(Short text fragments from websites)
★ ★ ★ ★ ★
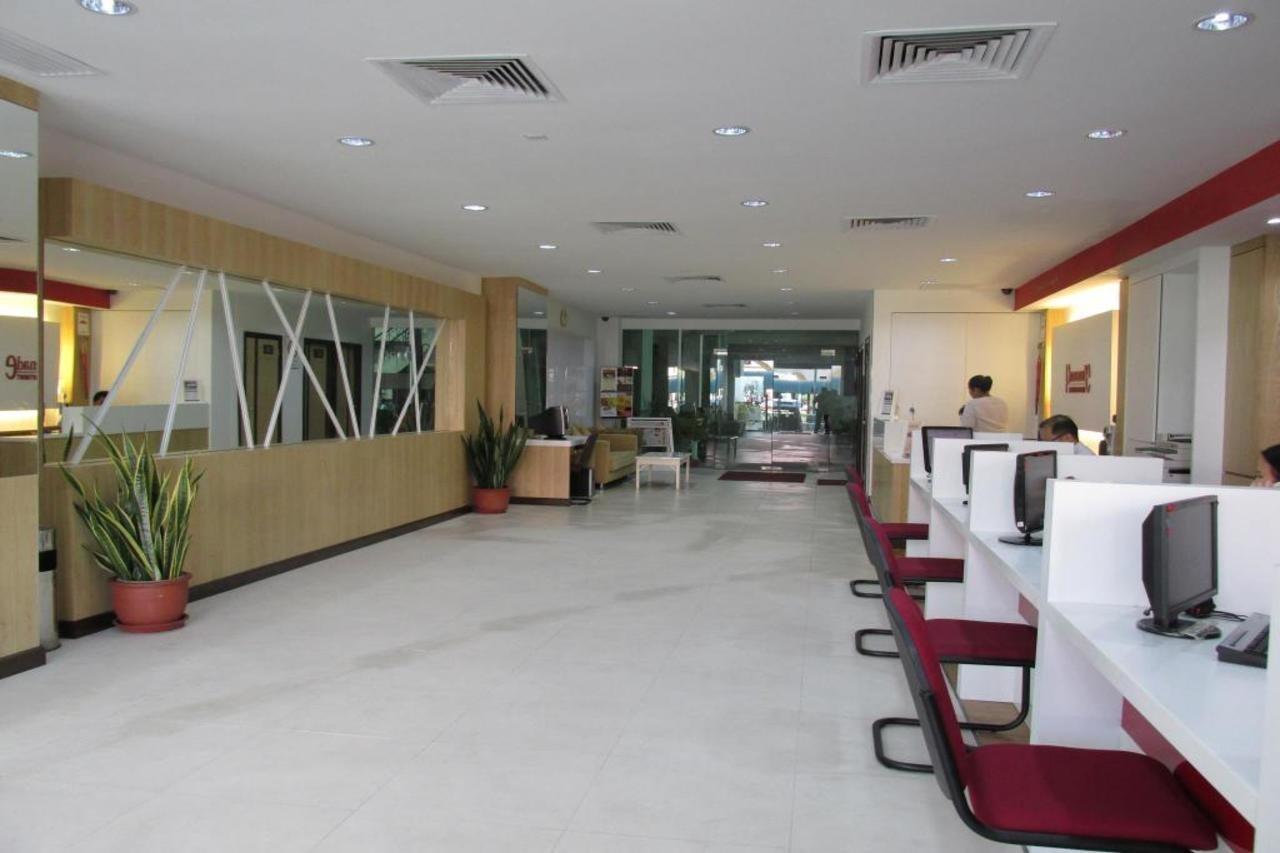 Promenade apartamento con servicio Kota Kinabalu Exterior foto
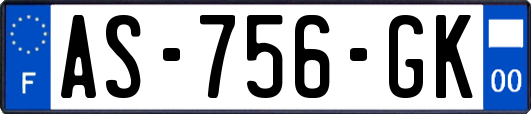 AS-756-GK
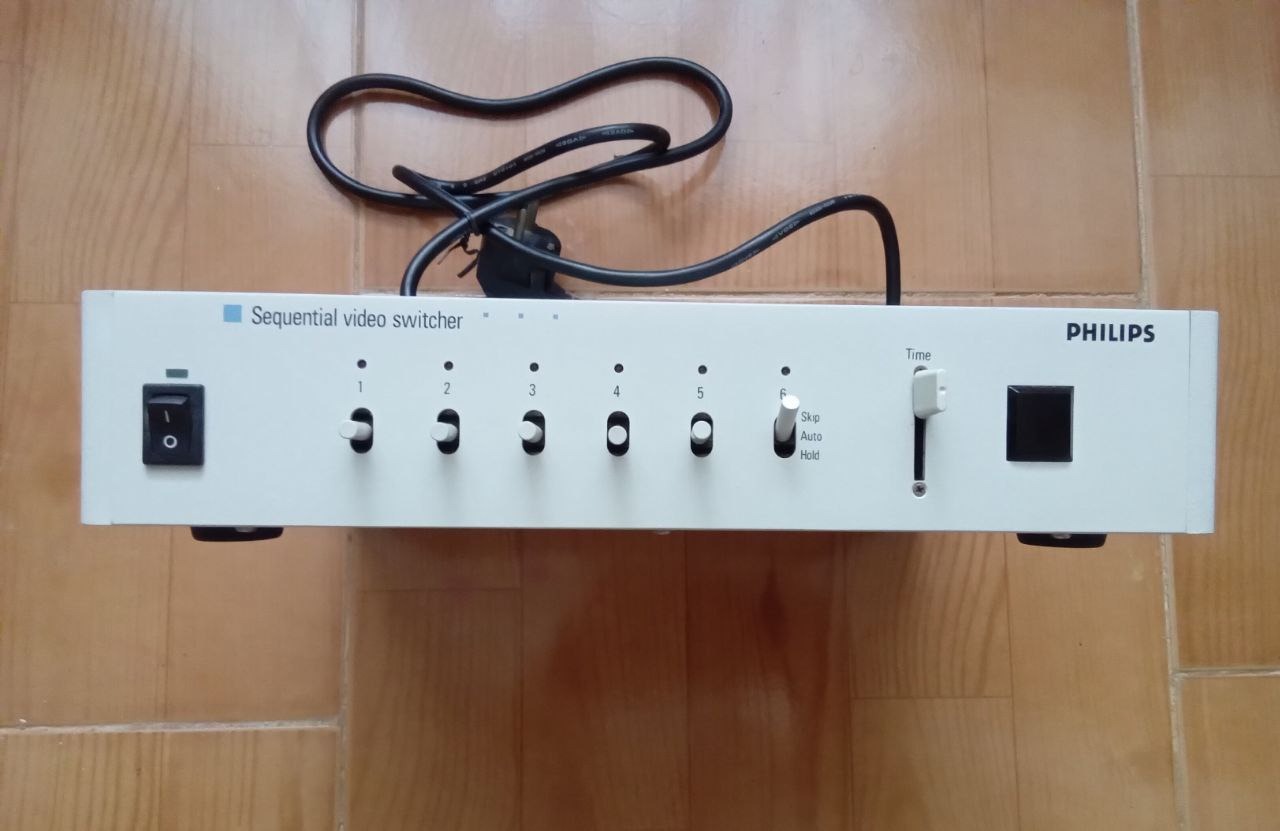 سوئیچ تصویر فیلیپس_سوئیچ ویدئو philips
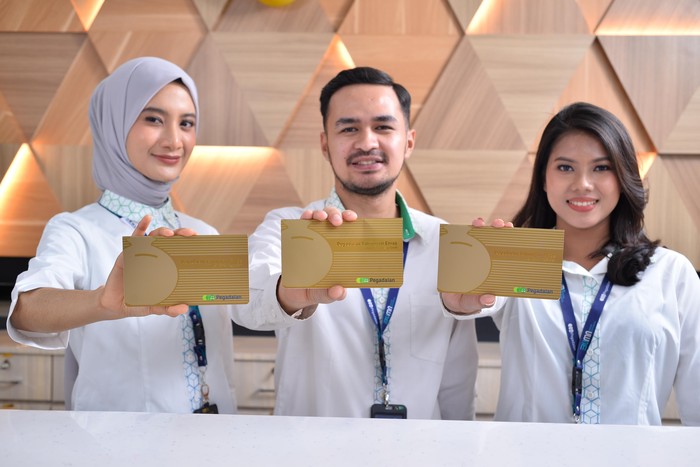 Ilustrasi Tabungan Emas
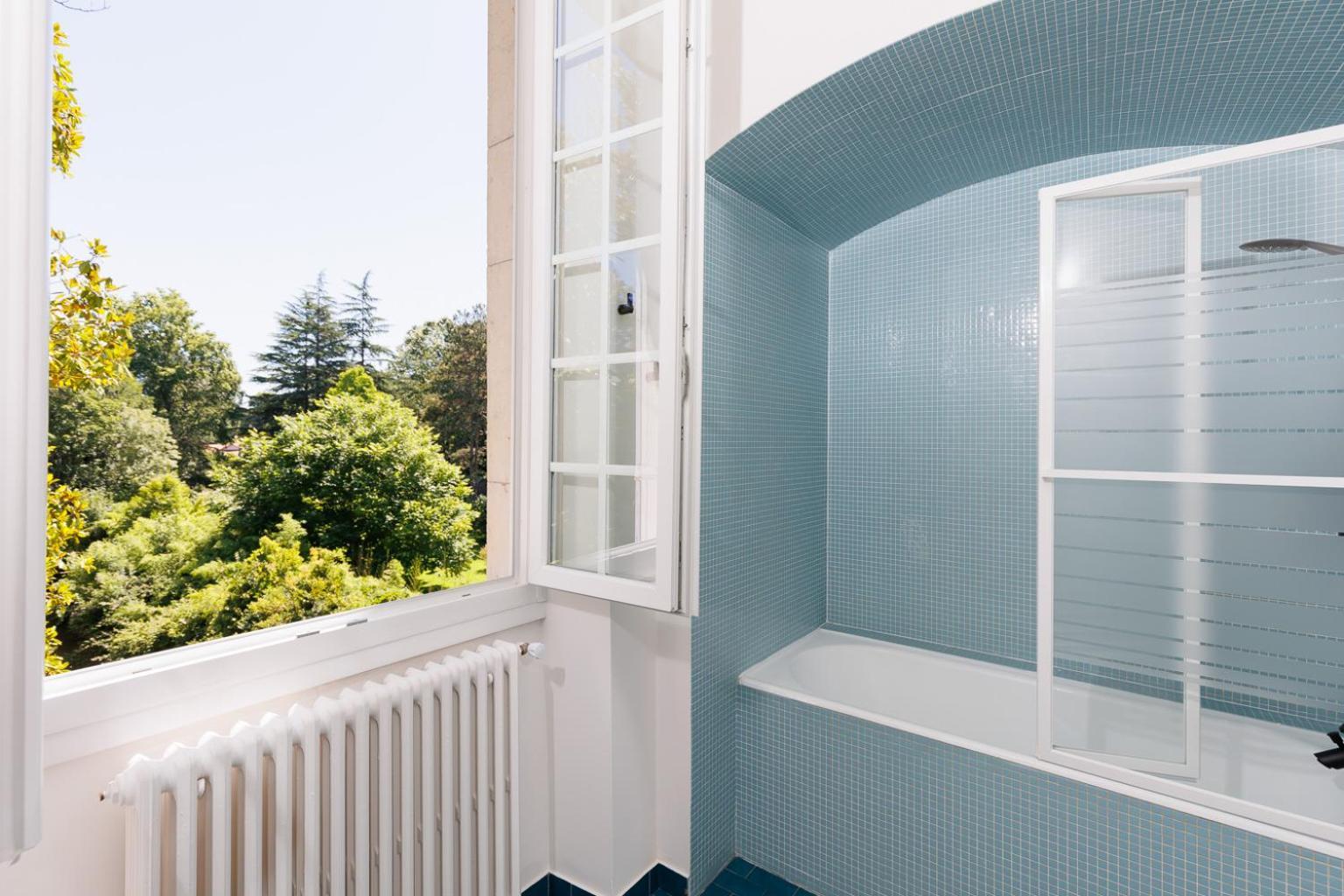 Villa Stella Salies-de-Béarn Rum bild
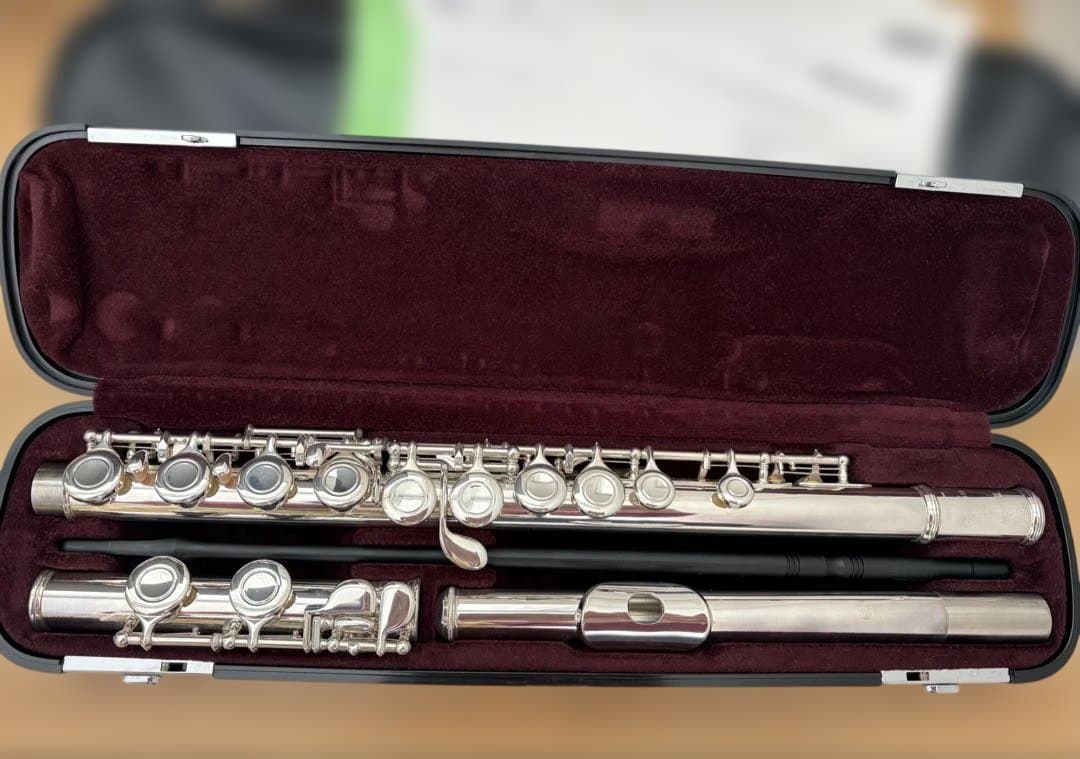 専用 YAMAHA　YFL-211 　フルート
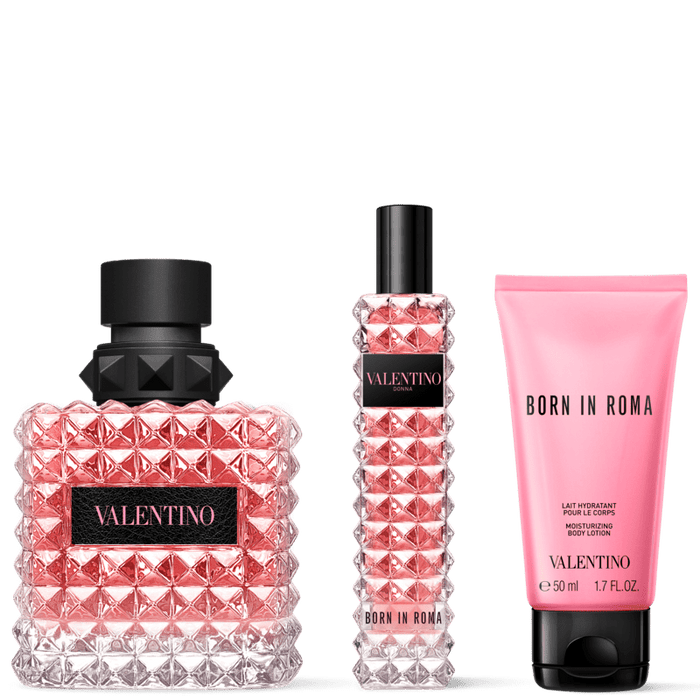 Valentino Born In Roma Donna Eau De Parfum Cofre  100Ml - Farmacias Arrocha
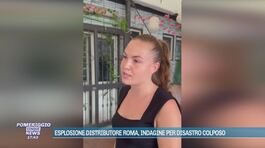 Esplosione Roma, l'animatrice: "Ho solo pensato ai bimbi" thumbnail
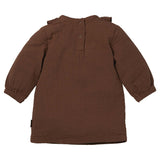 LEVV Barba NBS21 Robe Brown Almond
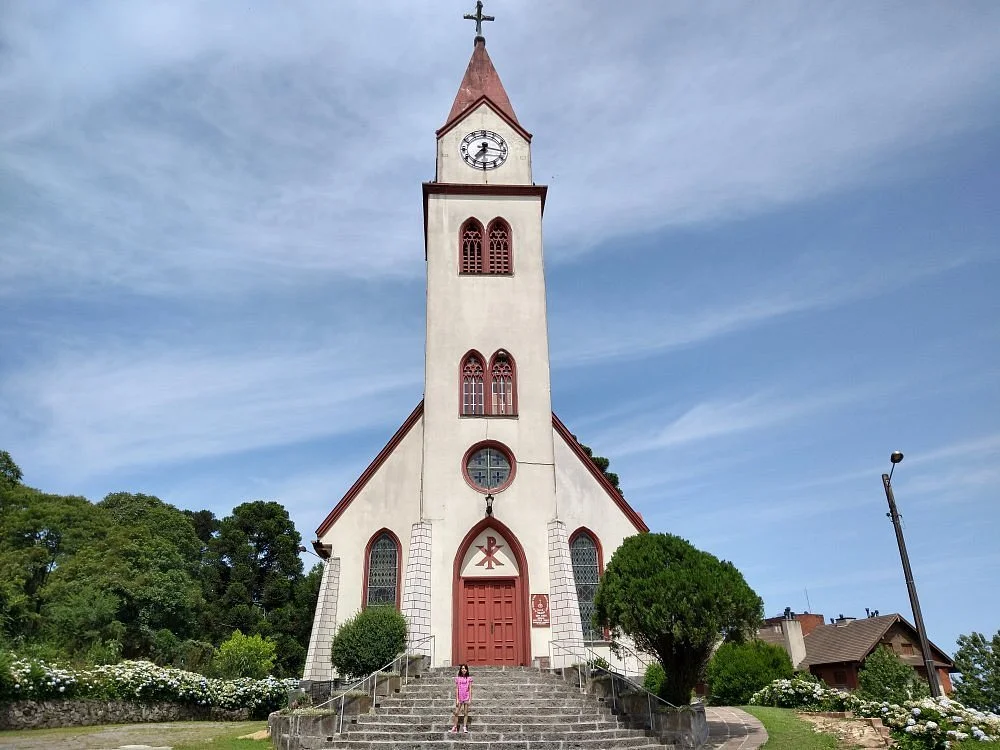 Igreja do Relógio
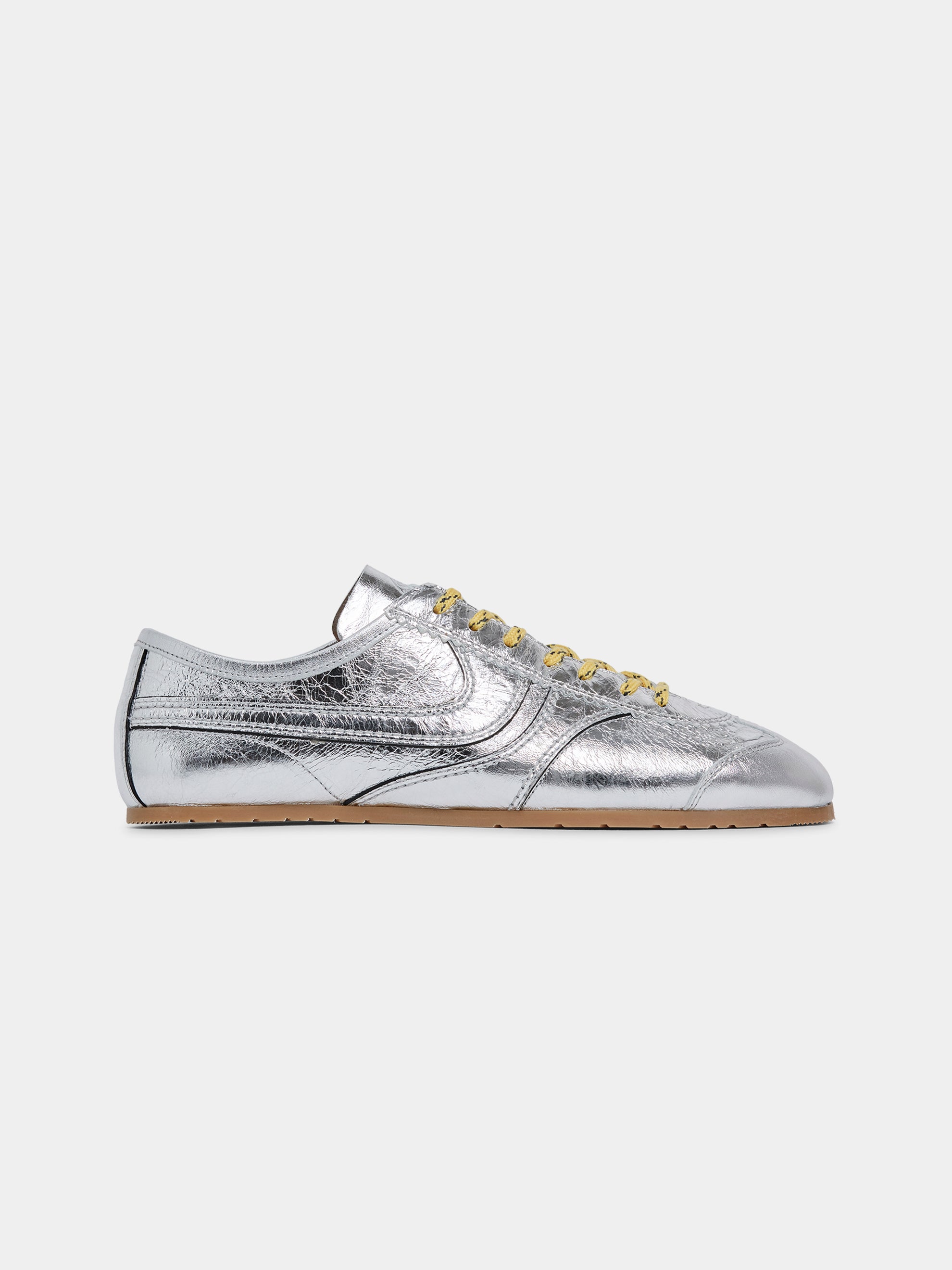 Capsule Shoe (Silver)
★ ★ ★ ★ ★
■ **Activity**
Once the line holding "Villa Stella Salies-de-Béarn Rum bild" is found, set down that line and every line after it, exactly, through the last line of the records above, omitting pictures.

■ **The completed task**
 Villa Stella Salies-de-Béarn Rum bild
 専用 YAMAHA　YFL-211 　フルート
 Valentino Born In Roma Donna Eau De Parfum Cofre  100Ml - Farmacias Arrocha
 Esplosione Roma, l'animatrice: "Ho solo pensato ai bimbi" thumbnail
 LEVV Barba NBS21 Robe Brown Almond
 Igreja do Relógio
 Capsule Shoe (Silver)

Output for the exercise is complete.